Na manhã seguinte, cedinho, posicionei-me na esquina onde seria a parada do ônibus. Pontualmente ele parou e me deu entrada, com uma saudação do motorista ao microfone para que todos soubessem meu nome e me dessem boas-vindas. Passaríamos o dia todo juntos.
Fizemos uma parada estratégica numa loja que vendia produtos feitos de kauri, madeira da melhor qualidade mas que só é extraída de árvores encontradas enterradas após morrerem naturalmente, o que a torna mais valiosa.
À saída da loja, a surpresa: baldeação para o ônibus 4 x 4.
Era um veículo truculento, confortável por dentro. Foi ele que passou em alta velocidade pela costa, sobre a areia daquela que é conhecida como "90 mile road", atravessando riachos, espalhando água salgada, vencendo dunas... nos divertindo.
E por falar em dunas, houve pausa para o sky bunda.
Houve pausa para apreciar o mar dos dois lados da estrada. Houve lentidão compatível com a preparação para a chegada ao local sagrado.
O tempo estava chuvoso, mas todos tínhamos a expectativa de que isso não nos atrapalhasse. Eu havia levado minha jaqueta impermeável, disposta a enfrentar o que quer que viesse.

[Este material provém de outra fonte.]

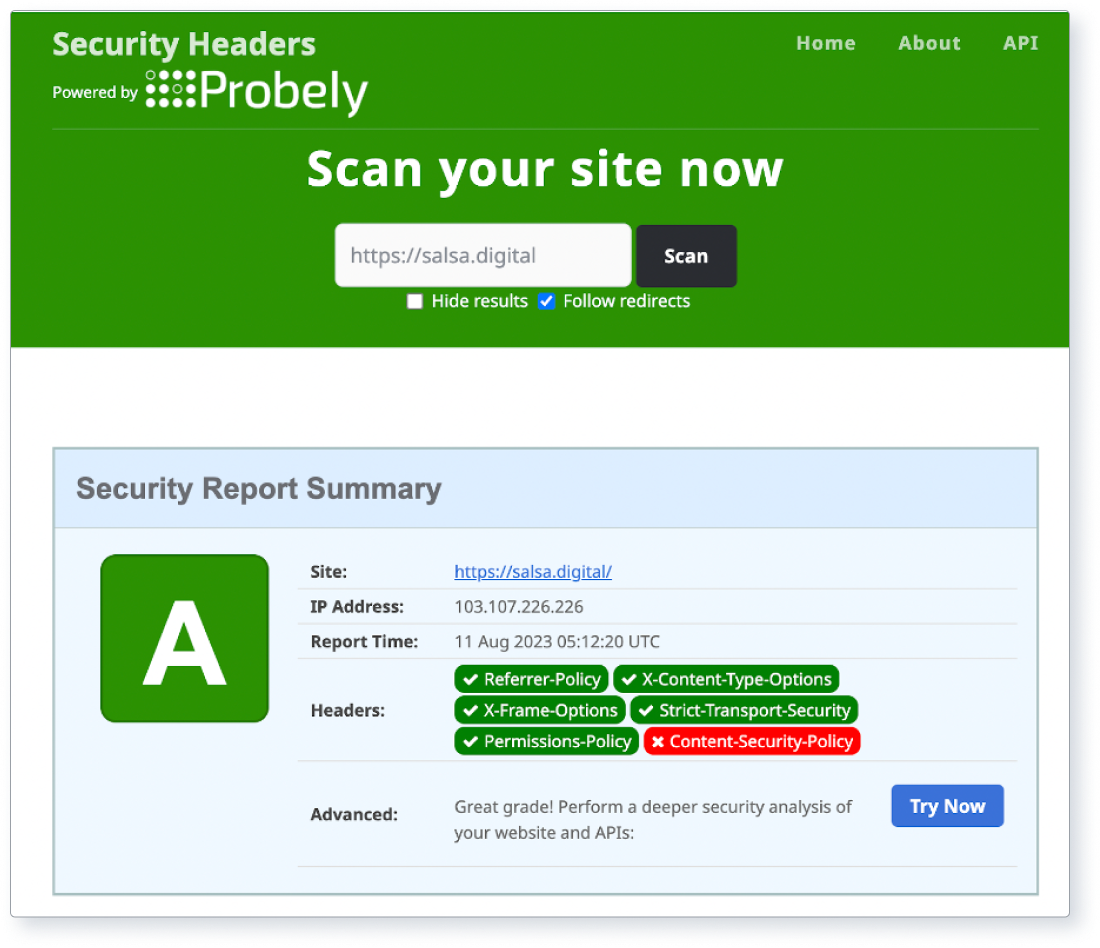 Drupal Security 13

No estacionamento, recebemos a doutrinação sobre o lugar. Os veículos param a 800m de distância do farol, que é bem o local onde se pode assistir de perto ao choque entre os dois mares: o Oceâno Pacífico e o Mar da Tasmânia. Nos informaram que devido ao mau tempo, as ondas estavam crespas e, por isso, o encontro das águas não alcançaria a altura habitual. Dali deveríamos seguir a pé, pelo território sagrado.
Nem bem nos liberaram e a chuva começou a cair. Eu que detesto água fria, decidi ignorá-la e empreendi a caminhada. Sentia-me estranhamente valente e poderosa por conseguir. Fui lendo as placas explicativas e aprendendo a cultura e lendas māori enquanto descia o morro e a chuva se intensificava.

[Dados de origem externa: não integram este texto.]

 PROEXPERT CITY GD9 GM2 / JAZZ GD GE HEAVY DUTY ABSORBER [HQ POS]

Começou a ventar e a chuva se assemelhou a um chicote, castigando o corpo todo. Ela me venceu quando um rio gelado começou a correr entre meus seios.

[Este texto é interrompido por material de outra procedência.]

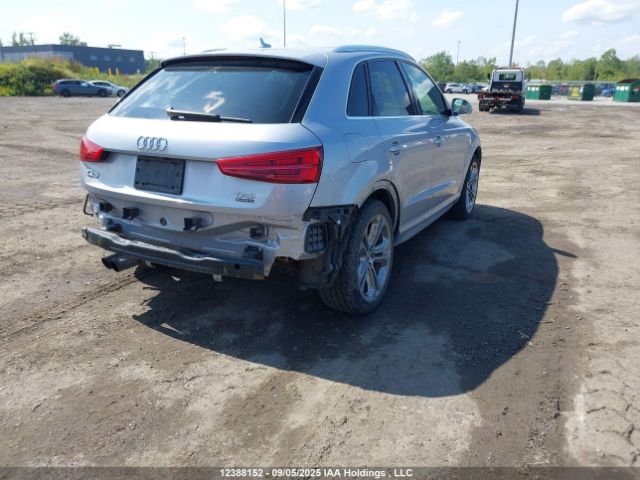 2018 AUDI Q3 PREMIUM PLUS | VIN: WA1JCCFSXJR020012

Dei meia volta e corri para o abrigo do ônibus. Ele estava a meia carga, o que significa que existiam pessoas mais corajosas do que eu. Conversei um pouco com o grupo e fui gradativamente percebendo que não era ali que eu queria estar; que eu poderia fazer melhor do que desistir. Eu queria muito sentir as energias do ponto onde os espíritos descansam. Assegurei-me de que daria tempo para ir e voltar e, bravamente... andei ainda menos do que na primeira vez. O uivo dos ventos era digno de um filme e a temperatura da água me fazia delirar por um banho quentinho.
Contra todos os meus melhores pensamentos e ardente disposição, vi-me obrigada a voltar novamente.
Nesse momento, ficou ainda mais claro o quanto aprendi com tantos dias nublados. Sinceramente, não me senti triste nem frustrada. Percebi-me na atitude de gratidão por não ter conseguido, porque isso me coloca no meu lugar insignificante frente à magestade da natureza; e porque me dá mais um excelente motivo para planejar uma viagem de volta à Nova Zelândia.